## TASK PROMPT:
Set out the records below again exactly; skip the images.

Extracted records:
○ ○ ○ ○ ○ ○ ○

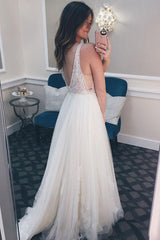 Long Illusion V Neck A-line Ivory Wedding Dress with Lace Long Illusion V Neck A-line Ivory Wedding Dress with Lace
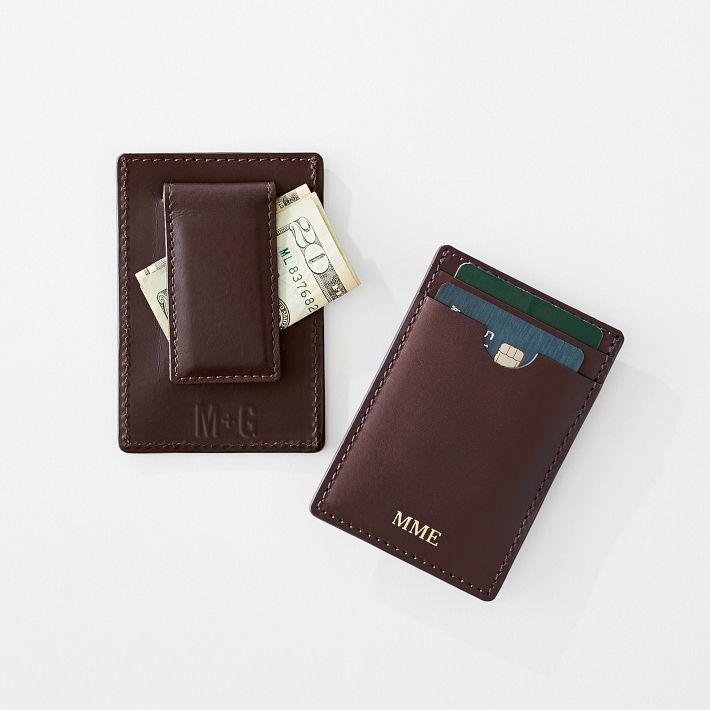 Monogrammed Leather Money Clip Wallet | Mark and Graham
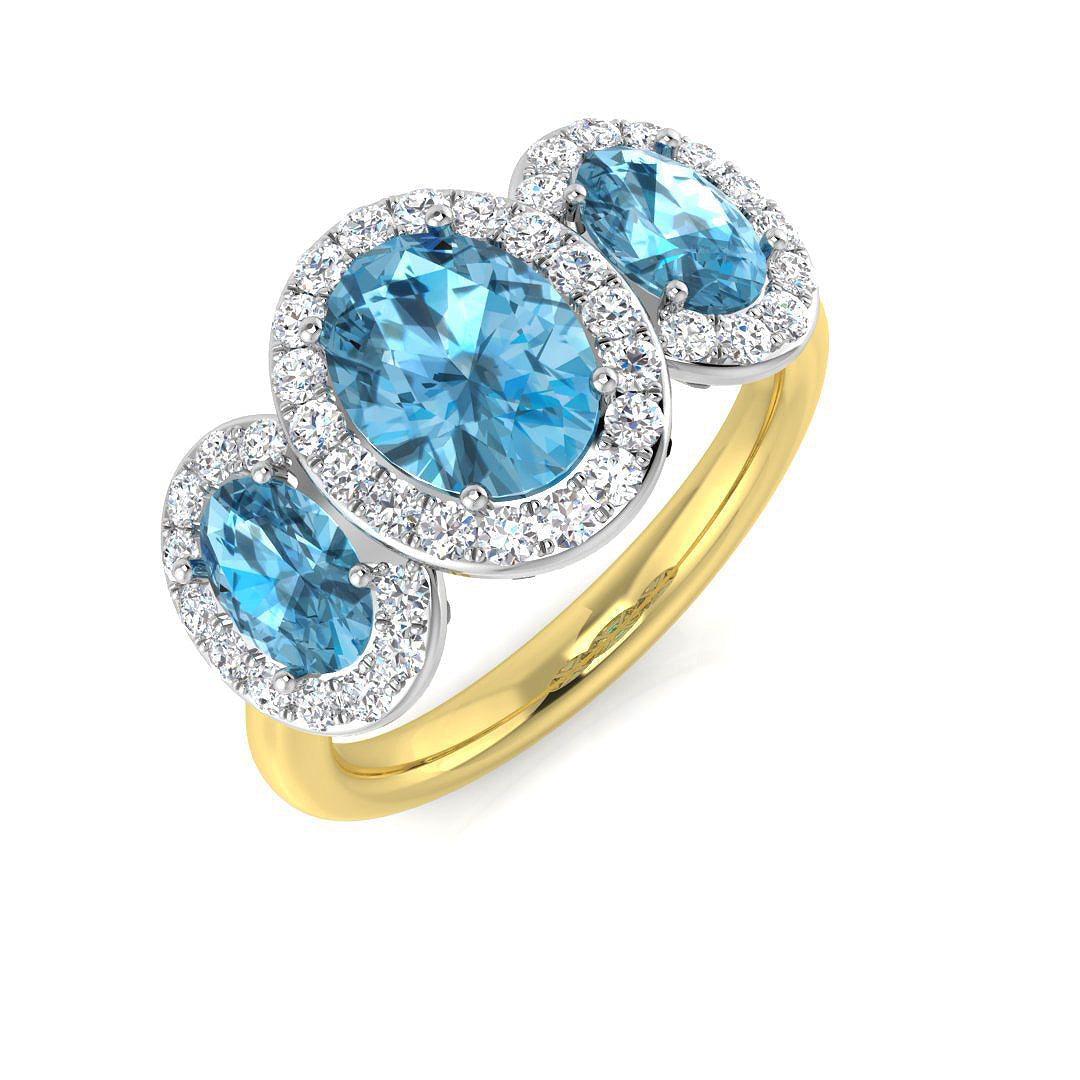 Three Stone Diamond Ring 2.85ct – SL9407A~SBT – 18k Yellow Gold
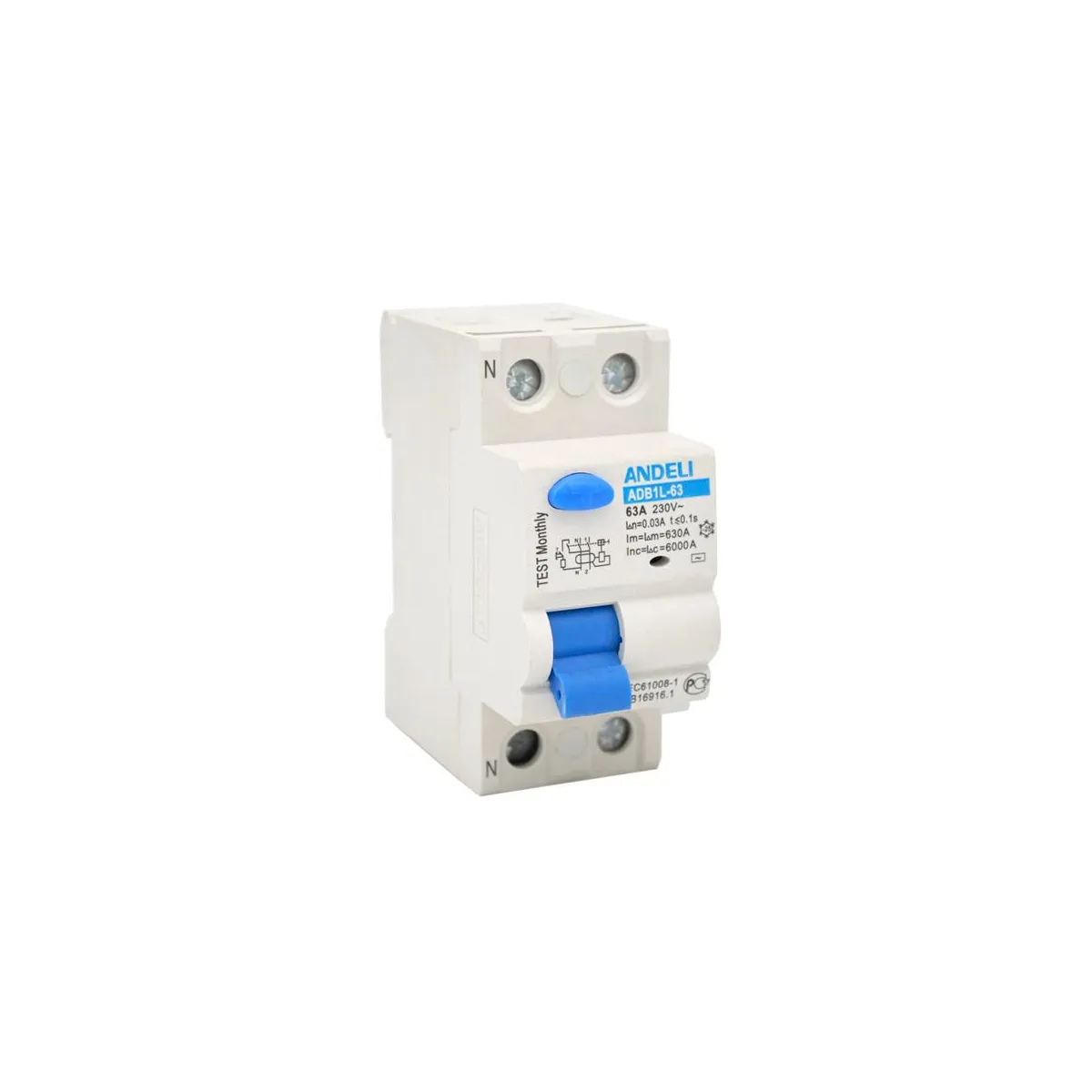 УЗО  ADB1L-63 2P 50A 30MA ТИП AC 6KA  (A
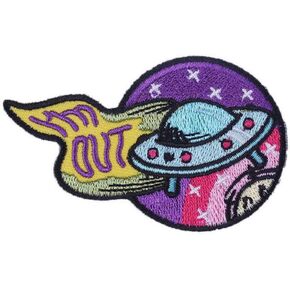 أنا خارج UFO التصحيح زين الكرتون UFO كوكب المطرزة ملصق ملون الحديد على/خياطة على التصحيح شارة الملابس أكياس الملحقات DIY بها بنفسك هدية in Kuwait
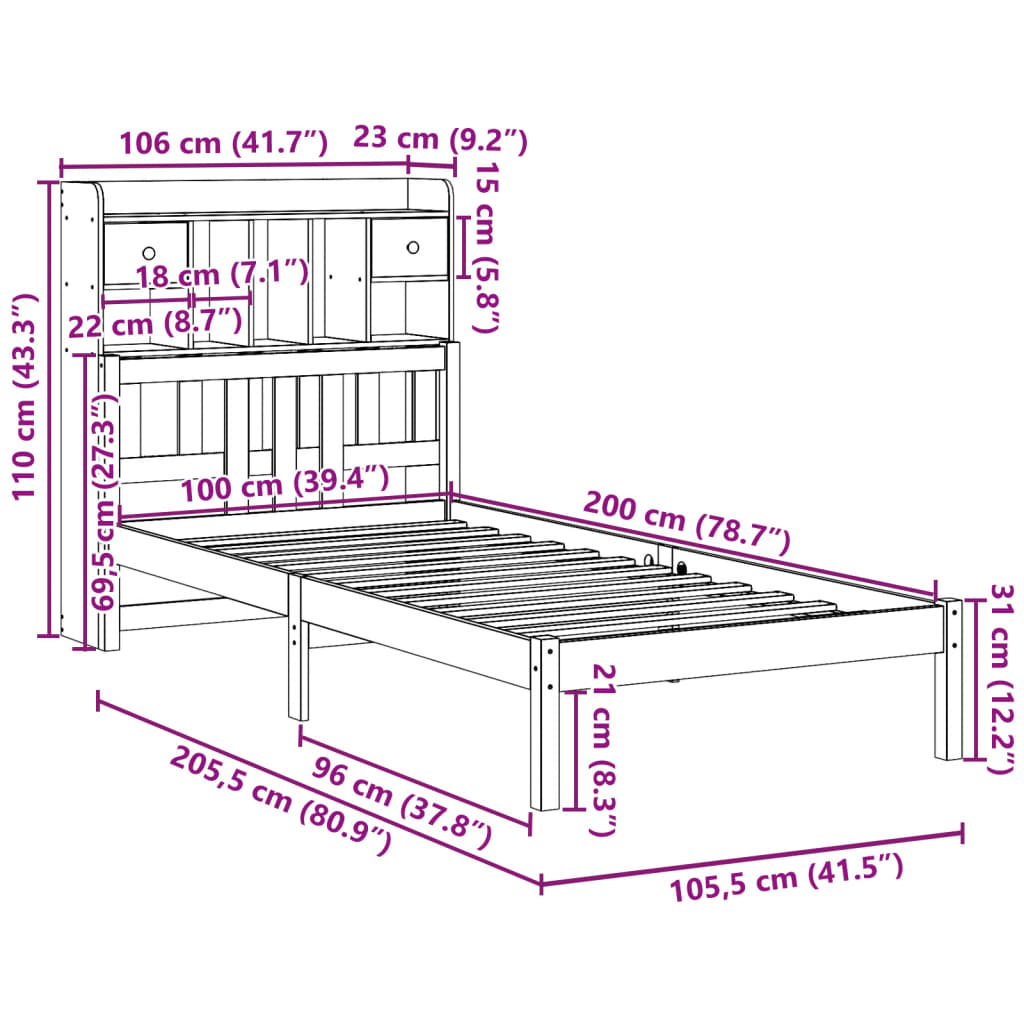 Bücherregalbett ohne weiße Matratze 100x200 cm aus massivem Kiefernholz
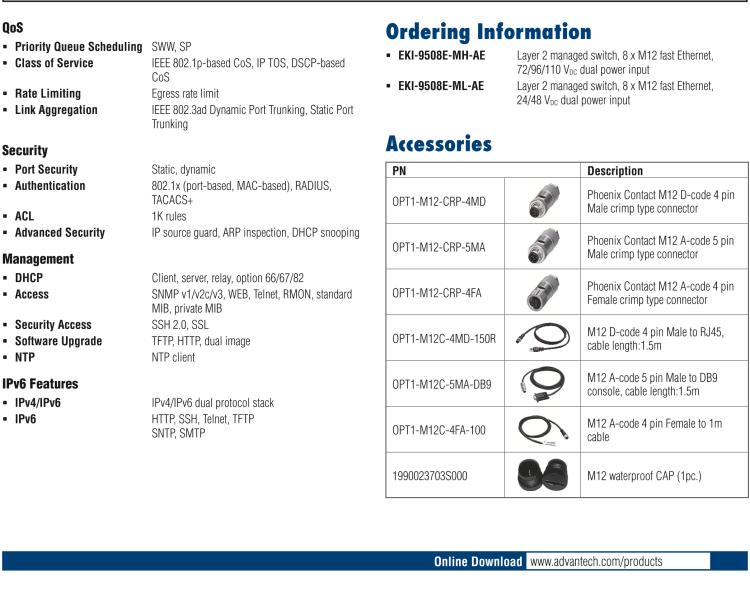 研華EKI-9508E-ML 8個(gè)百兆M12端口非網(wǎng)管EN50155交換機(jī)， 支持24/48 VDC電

○ ○ ○ ○ ○ ○ ○

## RESPONSE:
 Long Illusion V Neck A-line Ivory Wedding Dress with Lace Long Illusion V Neck A-line Ivory Wedding Dress with Lace
 Monogrammed Leather Money Clip Wallet | Mark and Graham
 Three Stone Diamond Ring 2.85ct – SL9407A~SBT – 18k Yellow Gold
 УЗО  ADB1L-63 2P 50A 30MA ТИП AC 6KA  (A
 أنا خارج UFO التصحيح زين الكرتون UFO كوكب المطرزة ملصق ملون الحديد على/خياطة على التصحيح شارة الملابس أكياس الملحقات DIY بها بنفسك هدية in Kuwait
 Bücherregalbett ohne weiße Matratze 100x200 cm aus massivem Kiefernholz
 研華EKI-9508E-ML 8個(gè)百兆M12端口非網(wǎng)管EN50155交換機(jī)， 支持24/48 VDC電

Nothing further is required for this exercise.